Gabriel Renville at Carlisle Indian School, some time between August 10 and August 17, 1880. Renville visited the school to bring home the body of his son, John, who had died, and his surviving daughter, Nancy. Both Nancy and John were students at the school. Photograph by John N. Choate.

Gabriel Renville was a fur trader, a farmer, and the leader of the Sisseton-Wahpeton Dakota from 1867 until 1892. Related by blood to multiple Dakota bands and mixed-ancestry families, he opposed Ta Oyate Duta (His Red Nation, also known as Little Crow) and other Dakota who fought against settler-colonists in the U.S.–Dakota War of 1862. His choice angered some of his relatives, who saw him as serving the interests of settler-colonists. After the war, he was one of many who worked to reacquire land for the Sisseton-Wahpeton people.

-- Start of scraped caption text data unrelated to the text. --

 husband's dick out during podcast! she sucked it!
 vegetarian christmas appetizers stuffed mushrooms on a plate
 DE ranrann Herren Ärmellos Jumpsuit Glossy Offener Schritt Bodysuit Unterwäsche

Gabriel Renville, also known as Ti Wakan (Sacred Lodge), was born in about 1825, at a village west of Big Stone Lake (Bde Inyan Takinyanyan). His father was Victor Renville, of Dakota and French ancestry. His mother, Winona Crawford, was both Dakota and British. Through them, Gabriel’s family ties extended into the Mdewakanton band of Dakota. After Gabriel's father died, Winona married Joseph Akipa Renville, a Wahpeton Dakota man.

In 1835, Gabriel Renville met Joseph R. Brown, a fur trader. In 1840, Brown became his legal guardian as well as his brother-in-law (through marriage to Susan Frenier, Renville’s half-sister). When he was a teenager, Brown sent him to school in Chicago, but Renville quit after about a month. Along with Brown, Renville involved himself in various occupations, including fur trading. He did not, however, convert to Christianity. Instead, he continued to perform traditional ceremonies and spoke, and wrote, only the Dakota language.

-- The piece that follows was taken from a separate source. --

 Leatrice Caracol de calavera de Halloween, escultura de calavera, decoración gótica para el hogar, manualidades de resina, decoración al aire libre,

The 1851 Treaty of Traverse de Sioux and 1858 land cession treaties confined the Dakota to reservations and disrupted their traditional lifeways. Renville supported himself by farming, and by 1859 he had established a large farm near the Upper Sioux Agency. By then he had also married three Sisseton Dakota sisters (which Dakota custom allowed): Tunkan Mani (Walking Stone, also known as Mary); Tunkan Tiyo Mani Win (Walking Stone in Her Home, also known as Anna) and Hu Teca Win (New Bone Woman, also known as Sophie). Fifteen of the family’s children survived to adulthood.

After the US–Dakota War of 1862 began at the Lower Sioux Agency in August 1862, Renville helped family, relatives, and friends, including Susan Frenier Brown, escape from potential danger. By September, Ta Oyate Duta and the Mdewakanton soldiers’ lodge that began the war had captured many white and mixed-ancestry women and children. Renville joined a peace party that worked for their release.

The warring Dakota failed to defeat the army raised against them, and in late September, the war ended. Renville was at Camp Release on September 26 when the Dakota surrendered themselves and their captives to Colonel Henry Sibley.

Although they had not fought in the war, roughly 1,600 Dakota were forced to move from the Lower Sioux Agency to Fort Snelling. Renville was among those who passed through the town of Henderson on the way to the fort. Renville described the Henderson experience as life threatening, noting that the route was filled with whites seeking to harm the Dakota as they passed.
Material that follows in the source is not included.